Ye Laifeng piscou: “Não vai dar uma máscara pra mim? Se meu rosto for reconhecido, vão avisar as autoridades, desenhar meu retrato e espalhar cartazes pelas portas da cidade. Como vou viver depois?”

“Justamente por sua cara ser tão convincente. Se esconder, perde metade do efeito.” Su Ping deu-lhe um tapinha na cabeça: “Não exagere no papel. Não vá realmente agir como bandido e machucar alguém.”

Ye Laifeng coçou a cabeça.

Disfarçados, ficaram à espreita até o funcionário Luan Ping, do Ministério das Obras, chegar em casa.

Ao sinal de Su Ping, Ye Laifeng lançou um grito e avançou. Antes que Luan Ping fechasse a porta, ele a escancarou com um pontapé, derrubando o dono da casa.

Su Ping entrou logo atrás e Mei Ran ficou na rua, pronta para intervir se a confusão chamasse a atenção da guarda local.

Sem mais delongas, Ye Laifeng agarrou Luan Ping pelos cabelos e o arrastou para dentro. A esposa e as duas filhas de Luan, apavoradas, se encolheram num canto.

Su Ping fechou a porta, sacou a espada e apontou para as mulheres e crianças: “Duzentos taéis por cabeça. Para um funcionário das Obras Públicas, não é muito, certo?”

Luan Ping, amarrado e de joelhos, chorava: “Poupem-me, senhores! Sou um homem honesto, venho de três gerações de camponeses pobres. Vejam minha casa vazia, onde encontraria dinheiro?”

Su Ping resmungou: “Só acredita vendo o caixão!”

Puxou a filha menor, a mãe dela gritou e agarrou-se à menina, mas Su Ping chutou sua mão, afastando-a.

Levou a menina para trás da mesa, colocou sua mão sobre o banco e rosnou para Luan Ping: “Vai trazer o dinheiro ou não?”

Ye Laifeng deu-lhe um chute: “Dinheiro!”

Luan Ping, caído, suplicou: “Por favor! Só tenho umas poucas moedas, levem tudo, mas não machuquem minha filha!”

Com um golpe, alguns dedos ensanguentados caíram no chão — eram os do macaco — e a menina gritou. A mão dela, porém, estava intacta na mão de Su Ping, que, com sangue de galinha escorrendo da “ferida”, fitava Luan Ping: “Traga o dinheiro, senão mato todos vocês!”
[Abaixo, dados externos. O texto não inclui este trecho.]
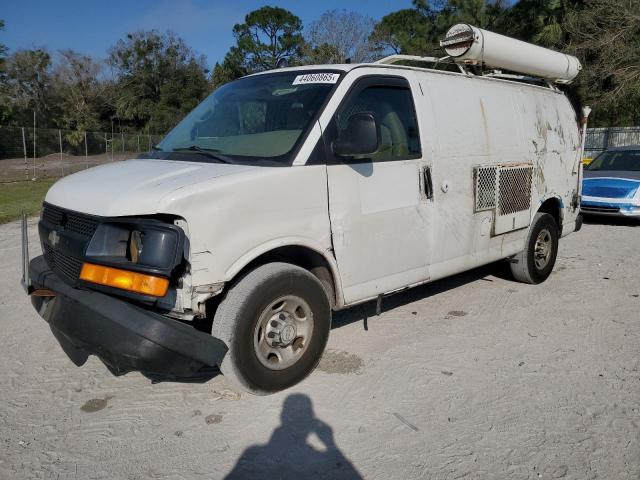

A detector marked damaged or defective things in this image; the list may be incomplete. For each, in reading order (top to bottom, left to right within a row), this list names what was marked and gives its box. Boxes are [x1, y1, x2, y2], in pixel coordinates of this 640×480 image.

damaged front bumper [27, 255, 228, 378]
Ye Laifeng bradou: “Mato a família toda!”

Luan Ping cedeu, dizendo que havia moedas escondidas sob o assoalho, debaixo do armário. Em lágrimas, revelou o esconderijo.
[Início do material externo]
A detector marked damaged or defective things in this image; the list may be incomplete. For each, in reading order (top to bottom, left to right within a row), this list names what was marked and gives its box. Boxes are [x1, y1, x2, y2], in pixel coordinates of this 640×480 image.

Ye Laifeng virou o armário, levantou o assoalho e encontrou a bolsa de prata.

Os olhos de Su Ping brilharam.

Não era à toa que Luan Ping chorava.

Afinal, por quatro vidas cobravam-se oitocentos taéis; mas ali havia ao menos dois mil.

Su Ping pegou o dinheiro e, insaciável, exigiu mais mil.

Desta vez, por mais que ameaçasse, não adiantou — parecia mesmo que não havia mais nada.

Então Su Ping tirou a máscara, mostrou a insígnia do Ministério da Justiça e soltou a mão da menina, que estava ilesa, para surpresa de Luan Ping.

Su Ping declarou: “Sou Su Ping, investigadora especial do caso de corrupção do armazém de Lishun. Peço a Vossa Senhoria que explique de onde vieram estes mais de dois mil taéis de prata.”